Sudah waktunya Presiden Jokowi memikirkan dan mempertimbangkan sosok pendampingnya di Pilpres 2019 nanti yang berlatar belakang ekonomi. Bukan apa-apa, sudah tak terhitung Jokowi merasa kecewa karena pertumbuhan ekonomi Indonesia tak kunjung membaik.
Di tengah pertumbuhan ekonomi 2017 yang tidak mencapai target dan hanya mandeg di angka 5,07 persen, APBN justru malah semakin naik. Semakin besar APBN, rasio utang terhadap PDB tentu juga akan semakin meningkat.
Padahal, tiap tahun APBN disusun dengan nilai fantastis; Rp.2.000 triliun lebih, bahkan terus meningkat.
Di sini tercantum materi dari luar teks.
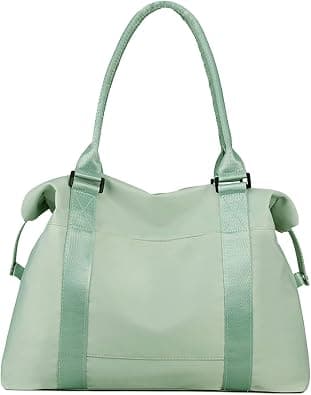 forestfish Duffle Tote Bag Weekender Bags For Women Travel With Trolley Sleeve on Amazon.ae - Price Tracker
Â Namun sayang, hal ini bukan ditopang oleh surplus penerimaan negara, melainkan ditopang oleh tambahan utang baru. Akibatnya, Dirjen pajak pun terseok-seok mengejar target pajak. Saking ngebetnya, usaha-usaha mikro seperti Warteg (warung makan Tegal) diuber-uber pajak usahanya.
Tak bisa dipungkiri dan harus diakui, bahwa dalam tiga tahun lebih Presiden Jokowi berkuasa, rasio utang terhadap PDB terus meningkat. Meskipun pemerintah selalu mengelak bahwa rasio utang Indonesia masih jauh lebih baik dari negara emerging markets lainnya. Namun, anehnya, realisasi utang belum menggambarkan atau mengkompensasikan sesuatu yang konkret bagi peningkatan kesejahteraan masyarakat.
Entah benar atau tidak, namun yang pasti, maraknya kabar terkait Indonesia kebanjiran pekerja imigran asing seolah mengkonfirmasi publik, bahwa arus investasi yang begitu besar dan realisasi utang, belum memberi manfaat maksimal bagi masyarakat Indonesia. Justru yang ada Indonesia seakan ikut andil mengurangi angka pengangguran negara lain. Bukan negaranya sendiri.
Melihat realita dan fakta carut-marutnya kondisi ekonomi bangsa saat ini, sudah sepantasnya Jokowi memilih pendamping yang berlatar belakang ekonomi, memiliki jaringan internasional luas dan kuat, serta piawai dalam menjaga stabilitas perekonomian Indonesia. Dan satu-satunya sosok yang tepat dan memiliki kriteria tersebut adalah, Hary Tanoesoedibjo.